▶ _Data to process_
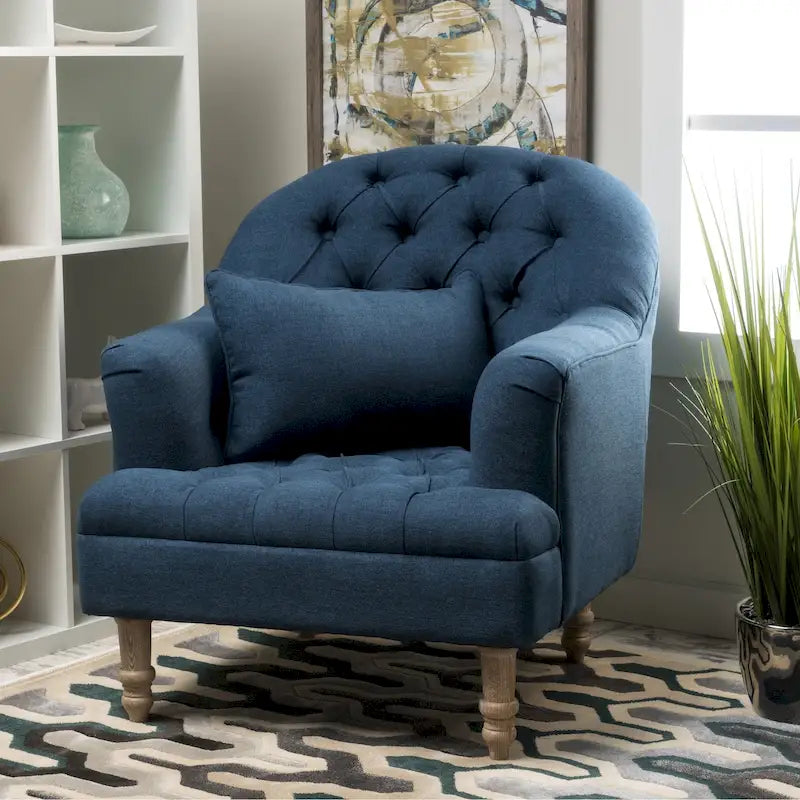 Fauteuil capitonné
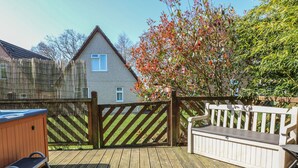 Eine Holzterrasse mit Whirlpool, Holzzaun und einer Sitzbank.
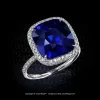 14 carat cushion blue sapphire in a platinum bespoke 821™ halo ring by Leon Mege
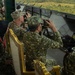 Military personnel from multiple nations are gathered in an elevated observation platform, using binoculars to observe what appears to be a joint military exercise or demonstration. The setting includes a viewing area overlooking a green, hilly landscape, with multiple national flags visible on display screens or panels. The presence of diverse camouflage uniforms and insignia suggests a multinational military event.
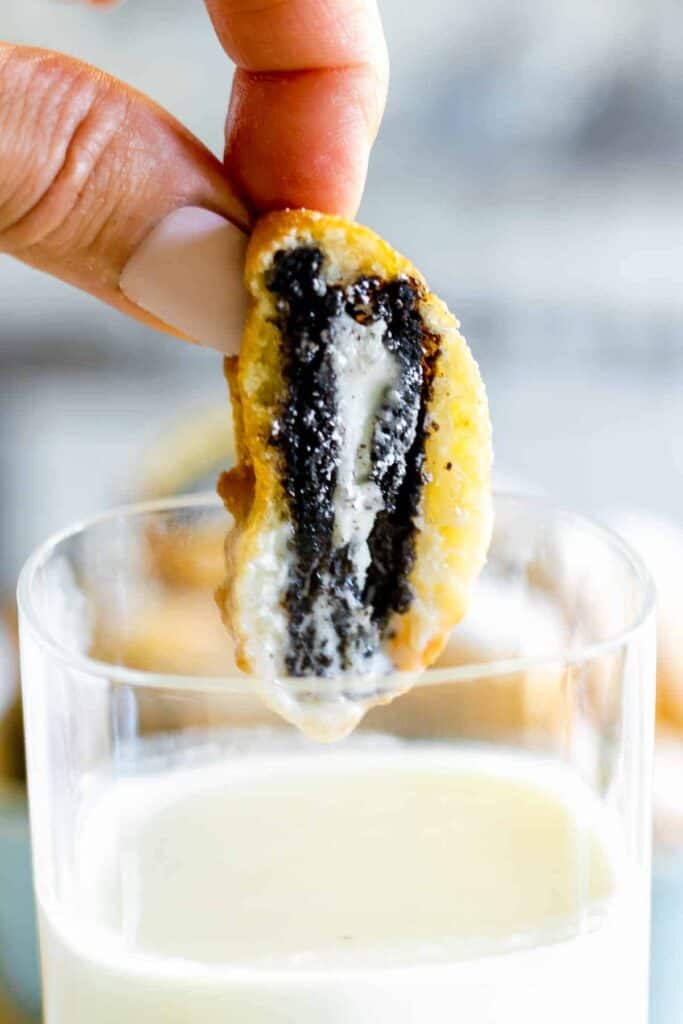 Deep fried Oreo being dipped into milk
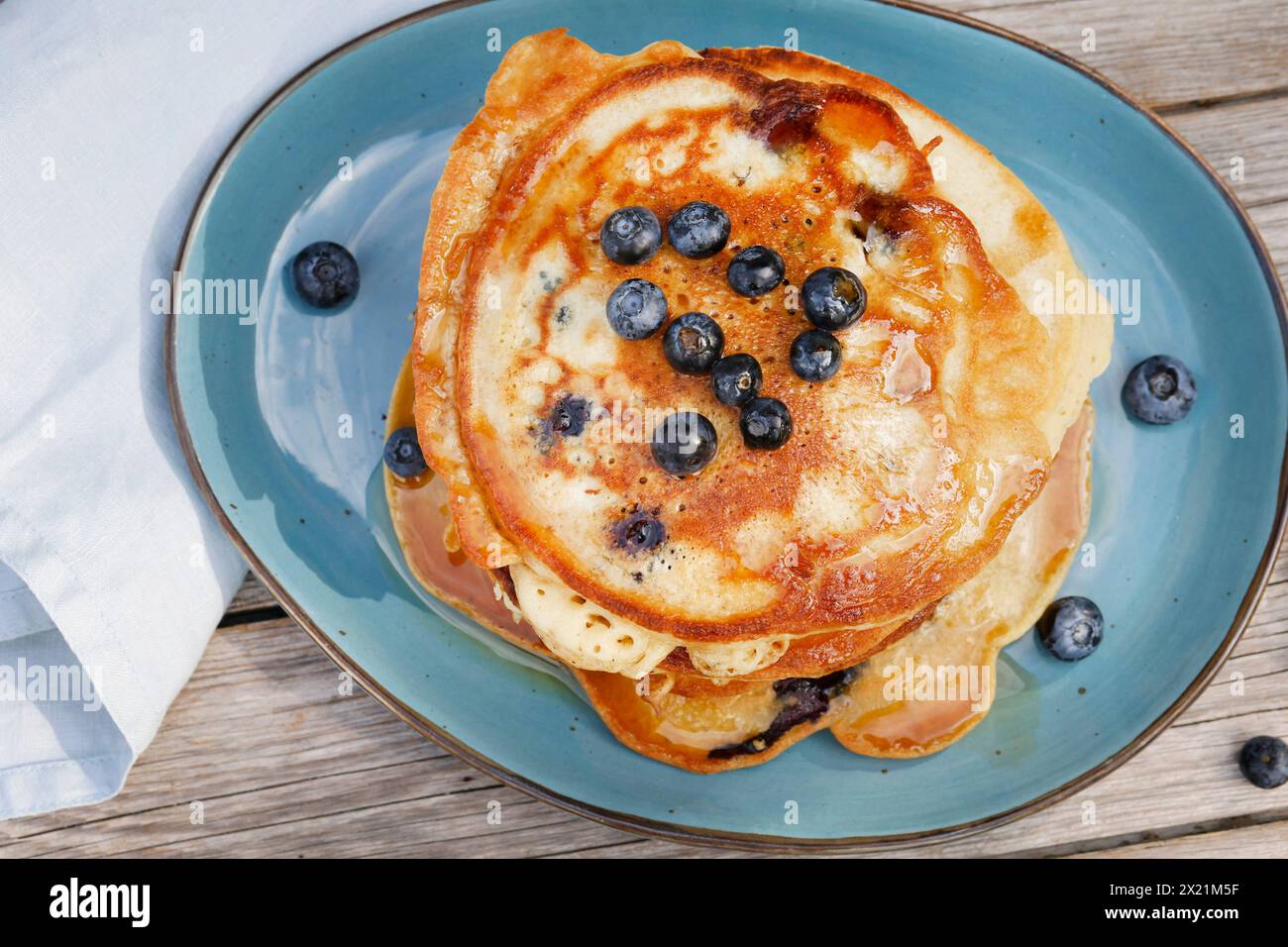 vegan making of Blueberry pancakes, step 5: Ready-made blueberry pancakes are served on a plate, series image 5/5 Stock Photo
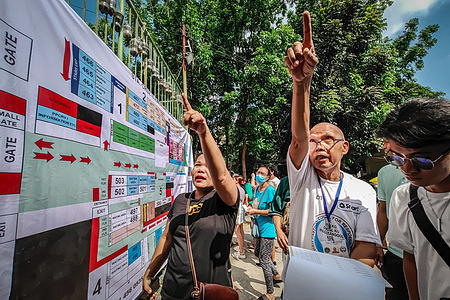 Voters find their names and precinct numbers at a polling site before casting their votes for the Philippine midterm elections in Antipolo City. Antipolo City in Rizal Province, the largest in the CALABARZON Region with a population of 989,859 and 482,062 registered voters (2019), participated in the Philippine midterm elections held on May 12, 2025.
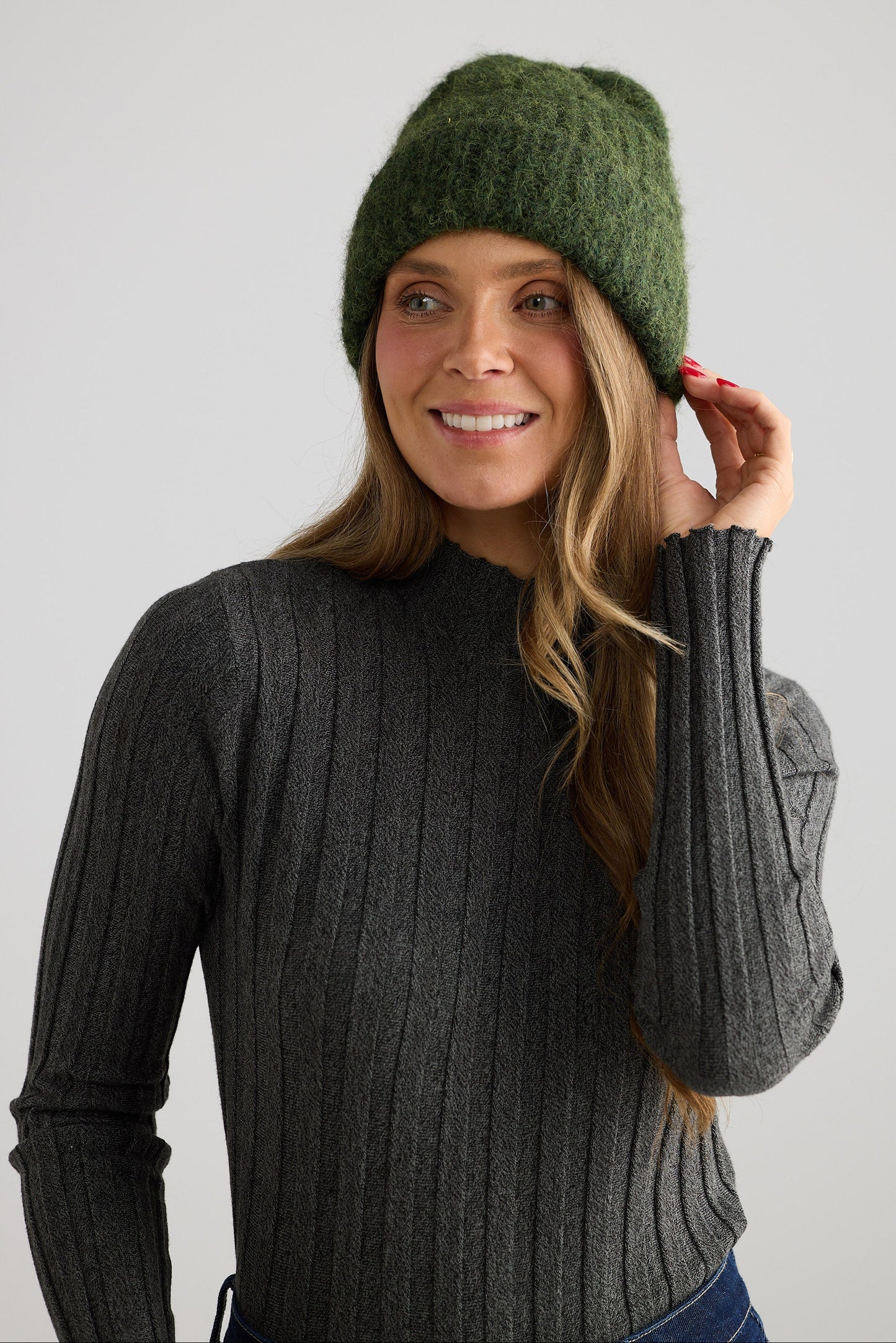 Model wearing Andrea Beanie - Olive beanie in olive with wide rib texture, styled on model view on white background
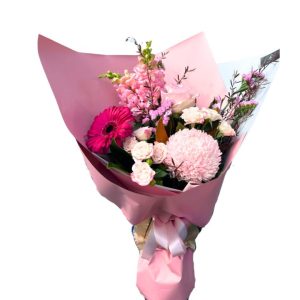 Stunning floral arrangement featuring majestic mums, dreamy delphinium, vibrant gerbera, and popcorn hydrangea with spray roses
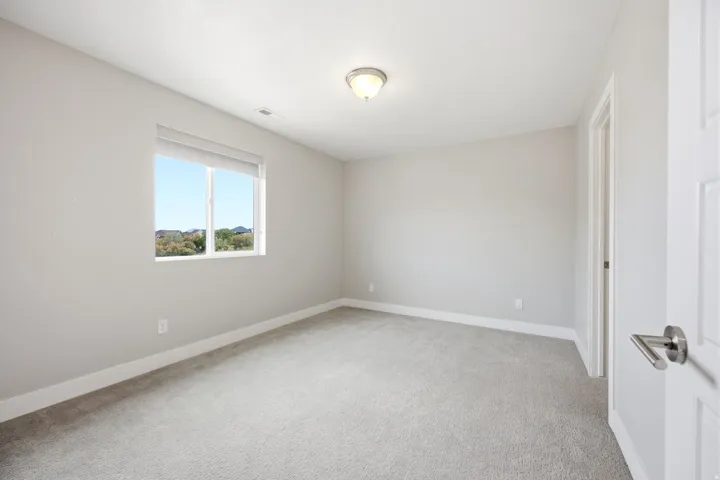 Bright room featuring a window with white blinds, neutral carpeting, light-toned walls, and a flush-mount ceiling light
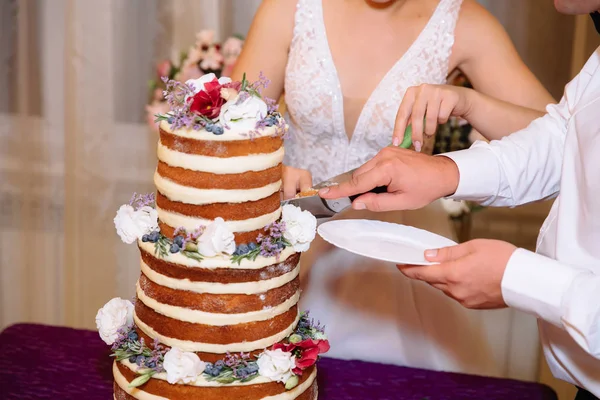 Primer plano novia y novio manos corte multinivel pastel de boda blanco decorado con flores se encuentra en una mesa. Concepto de comer, dulces y postres en una fiesta . — Foto de Stock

▶ _Work to complete_
The copy should start at the line that contains "Deep fried Oreo being dipped into milk", end at the last line of the entries above, and match each line exactly, with pictures dropped.

▶ _Exercise answer_
 Deep fried Oreo being dipped into milk
 vegan making of Blueberry pancakes, step 5: Ready-made blueberry pancakes are served on a plate, series image 5/5 Stock Photo
 Voters find their names and precinct numbers at a polling site before casting their votes for the Philippine midterm elections in Antipolo City. Antipolo City in Rizal Province, the largest in the CALABARZON Region with a population of 989,859 and 482,062 registered voters (2019), participated in the Philippine midterm elections held on May 12, 2025.
 Model wearing Andrea Beanie - Olive beanie in olive with wide rib texture, styled on model view on white background
 Stunning floral arrangement featuring majestic mums, dreamy delphinium, vibrant gerbera, and popcorn hydrangea with spray roses
 Bright room featuring a window with white blinds, neutral carpeting, light-toned walls, and a flush-mount ceiling light
 Primer plano novia y novio manos corte multinivel pastel de boda blanco decorado con flores se encuentra en una mesa. Concepto de comer, dulces y postres en una fiesta . — Foto de Stock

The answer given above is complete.